261 przypadków przemocy w ciągu dwóch miesięcy. Politycy nie widzą problemu.

Kilka chrześcijańskich organizacji charytatywnych w Niemczech przeprowadziło w okresie od 15 lutego do 15 kwietnia dokumentację przemocy muzułmańskich sprawców wobec chrześcijan w ośrodkach dla azylantów. Bilans jest zastraszający – w ciągu dwóch miesięcy zostało udokumentowanych 261 przypadków począwszy od zwykłej dyskryminacji poprzez użycie siły czy grożenia śmiercią do molestowania seksualnego.

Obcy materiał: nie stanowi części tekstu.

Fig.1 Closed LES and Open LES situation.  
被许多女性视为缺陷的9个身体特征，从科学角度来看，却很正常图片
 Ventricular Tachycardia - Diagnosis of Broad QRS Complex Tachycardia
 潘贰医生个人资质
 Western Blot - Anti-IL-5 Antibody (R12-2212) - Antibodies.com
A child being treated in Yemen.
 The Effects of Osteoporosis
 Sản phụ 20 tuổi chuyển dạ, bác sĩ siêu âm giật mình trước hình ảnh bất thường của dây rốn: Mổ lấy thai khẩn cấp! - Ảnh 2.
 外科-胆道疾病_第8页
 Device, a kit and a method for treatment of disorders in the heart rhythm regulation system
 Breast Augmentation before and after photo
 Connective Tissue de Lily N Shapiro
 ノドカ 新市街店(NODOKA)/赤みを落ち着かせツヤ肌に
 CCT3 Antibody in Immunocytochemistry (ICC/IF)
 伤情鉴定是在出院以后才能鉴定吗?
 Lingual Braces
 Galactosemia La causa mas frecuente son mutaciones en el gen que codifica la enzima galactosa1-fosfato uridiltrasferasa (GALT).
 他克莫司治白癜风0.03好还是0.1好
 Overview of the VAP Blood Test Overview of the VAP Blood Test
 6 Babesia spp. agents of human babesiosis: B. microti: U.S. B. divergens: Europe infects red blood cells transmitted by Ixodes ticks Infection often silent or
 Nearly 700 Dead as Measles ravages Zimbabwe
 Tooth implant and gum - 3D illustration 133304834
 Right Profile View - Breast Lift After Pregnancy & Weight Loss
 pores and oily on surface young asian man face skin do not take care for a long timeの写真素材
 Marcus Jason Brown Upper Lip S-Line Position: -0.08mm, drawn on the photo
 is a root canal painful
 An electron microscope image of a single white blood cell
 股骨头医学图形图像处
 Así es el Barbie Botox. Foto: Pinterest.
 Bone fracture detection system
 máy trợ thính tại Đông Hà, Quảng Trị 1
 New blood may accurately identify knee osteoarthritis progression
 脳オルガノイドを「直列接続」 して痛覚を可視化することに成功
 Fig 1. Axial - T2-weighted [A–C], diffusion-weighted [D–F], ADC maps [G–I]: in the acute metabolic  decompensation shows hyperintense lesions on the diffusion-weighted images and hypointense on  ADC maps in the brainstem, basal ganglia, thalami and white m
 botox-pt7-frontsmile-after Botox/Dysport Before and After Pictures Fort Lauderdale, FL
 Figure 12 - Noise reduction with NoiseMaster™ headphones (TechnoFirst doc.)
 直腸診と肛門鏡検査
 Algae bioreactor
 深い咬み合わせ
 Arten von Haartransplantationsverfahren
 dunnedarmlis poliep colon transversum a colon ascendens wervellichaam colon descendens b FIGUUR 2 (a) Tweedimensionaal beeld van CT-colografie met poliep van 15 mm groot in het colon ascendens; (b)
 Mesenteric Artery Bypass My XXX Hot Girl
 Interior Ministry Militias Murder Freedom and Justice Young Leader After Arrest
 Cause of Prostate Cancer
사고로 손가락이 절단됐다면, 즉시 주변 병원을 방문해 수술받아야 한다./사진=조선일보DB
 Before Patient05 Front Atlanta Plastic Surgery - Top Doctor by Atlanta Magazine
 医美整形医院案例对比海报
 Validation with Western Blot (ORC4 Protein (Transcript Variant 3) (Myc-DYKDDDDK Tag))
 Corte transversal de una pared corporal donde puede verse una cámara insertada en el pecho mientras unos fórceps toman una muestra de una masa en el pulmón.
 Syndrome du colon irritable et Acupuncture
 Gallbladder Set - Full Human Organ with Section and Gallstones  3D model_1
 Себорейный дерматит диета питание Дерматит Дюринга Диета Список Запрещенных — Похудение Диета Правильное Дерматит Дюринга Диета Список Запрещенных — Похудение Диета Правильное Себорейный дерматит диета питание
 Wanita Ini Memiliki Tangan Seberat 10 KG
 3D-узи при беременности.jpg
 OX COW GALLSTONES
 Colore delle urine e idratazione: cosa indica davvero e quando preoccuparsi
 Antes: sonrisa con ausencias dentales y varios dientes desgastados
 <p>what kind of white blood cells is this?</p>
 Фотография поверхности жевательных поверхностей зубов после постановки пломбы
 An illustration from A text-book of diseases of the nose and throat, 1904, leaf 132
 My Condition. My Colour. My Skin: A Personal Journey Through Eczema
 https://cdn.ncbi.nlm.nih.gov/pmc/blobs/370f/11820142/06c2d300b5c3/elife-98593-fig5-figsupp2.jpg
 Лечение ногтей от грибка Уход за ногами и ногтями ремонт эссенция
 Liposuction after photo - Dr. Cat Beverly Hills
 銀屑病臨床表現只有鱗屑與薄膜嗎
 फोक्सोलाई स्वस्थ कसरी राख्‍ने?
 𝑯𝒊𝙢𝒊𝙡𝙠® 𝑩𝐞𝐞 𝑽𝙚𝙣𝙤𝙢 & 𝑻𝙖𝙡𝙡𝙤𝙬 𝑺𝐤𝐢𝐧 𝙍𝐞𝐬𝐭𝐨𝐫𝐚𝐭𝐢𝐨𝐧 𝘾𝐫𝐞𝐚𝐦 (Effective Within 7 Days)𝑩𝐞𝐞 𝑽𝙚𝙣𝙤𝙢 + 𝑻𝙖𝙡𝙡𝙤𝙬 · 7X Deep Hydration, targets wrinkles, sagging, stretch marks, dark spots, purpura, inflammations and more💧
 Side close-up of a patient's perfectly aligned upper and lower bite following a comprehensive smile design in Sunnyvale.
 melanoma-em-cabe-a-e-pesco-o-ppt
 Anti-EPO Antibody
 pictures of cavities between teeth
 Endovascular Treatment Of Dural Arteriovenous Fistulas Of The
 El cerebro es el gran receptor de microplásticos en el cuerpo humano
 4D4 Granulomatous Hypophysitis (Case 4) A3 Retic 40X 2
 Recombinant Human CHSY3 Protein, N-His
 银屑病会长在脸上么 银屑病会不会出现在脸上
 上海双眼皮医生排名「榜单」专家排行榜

Najbardziej dotknięci dyskryminacją są konwertyci – w krajach islamskich za konwersję grozi kara śmierci – informuje ndie.pl

Irańska gmina Zielonoświątkowców w Hamburgu

Najwięcej konwersji w Niemczech jest na religie ewangelickie, ponieważ te kościoły prowadzą najaktywniejszą akcję misyjną. Pastor irańskiej gminy Zielonoświątkowców w Hamburgu Albert Babajan, z pochodzenia irański Ormianin, ochrzcił już w tym roku 196 Irańczyków i Afgańczyków i oczekuje do końca roku dalszych 500 chrztów. Babajan szacuje, że na pierwsze spotkania kursów przygotowawczych przychodzi około 20 do 30% osób uczciwie zainteresowanych chrześcijaństwem, ale gdy odnosi wrażenie, że osoba chce dokonać konwersji, by łatwiej uzyskać azyl, to musi powtórzyć kilkumiesięczny kurs religii w języku perskim, rozpowszechnionym też w Afganistanie. Konwersja nie oznacza azyl – około 10% przez niego ochrzczonych zostało deportowanych do krajów pochodzenia.

Islam atmosferą strachu

Wiele osób zaznało sporo złego w imię islamu w swoich krajach pochodzenia. Babajan mówi: „Oni przeżyli w swojej starej ojczyźnie, że islam prowadzi do politycznego prześladowania i atmosfery strachu”. Amir i Mahshad małżeństwo ochrzczone w hamburskim parku opowiada, że tutaj w ośrodku dla azylantów zaserwowano im ponownie islam, przed którym uciekli. Grupy islamistów kontrolują wspólne modlitwy sześć razy dziennie, a tłumacze i security wszystko kryją – oni też są muzułmanami. Mehdi i Solmaz ochrzczone irańskie małżeństwo opowiada: „w islamie żyliśmy w strachu, strach przed Allachem, strach przed grzechem, strach przed karą”.